The experimental evaluation of SnS quantum dot-sensitized solar cells confirms that ligand-controlled growth strongly influences crystallographic quality, optical bandgap, and photovoltaic performance under both monofacial and bifacial operation. Although all samples were crystallized in the orthorhombic SnS phase, their functional behaviour differed markedly, as reflected in the variation in particle size (5.93–8.57 nm) and bandgap (2.2–2.8 eV). These differences translated directly into device performance, where SnS3, with an intermediate bandgap of (2.7 eV) and particle size of (~6.67 nm), delivered the highest efficiency of 7.63%, significantly outperforming SnS1 (3.40%) and SnS2 (2.03%). In contrast, the larger particle size and lower bandgap of SnS2 did not result in improved efficiency, indicating that enhanced light absorption alone is insufficient without effective charge transport.
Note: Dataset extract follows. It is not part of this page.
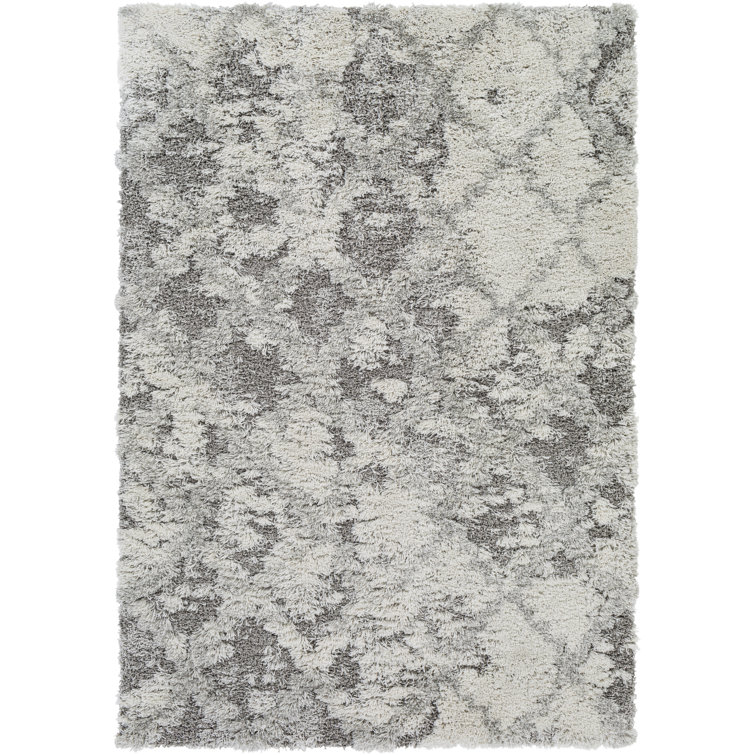 Gray Rectangular Shag Rug with Geometric Pattern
Furthermore, the limited improvement under bifacial illumination suggests that recombination and interfacial losses restrict the effective utilization of additional photogenerated carriers. Overall, the results demonstrate that optimal device performance is achieved through a balance of structural and optoelectronic properties, highlighting ligand-controlled precursor design as a key factor in tuning SnS quantum dots for photovoltaic applications.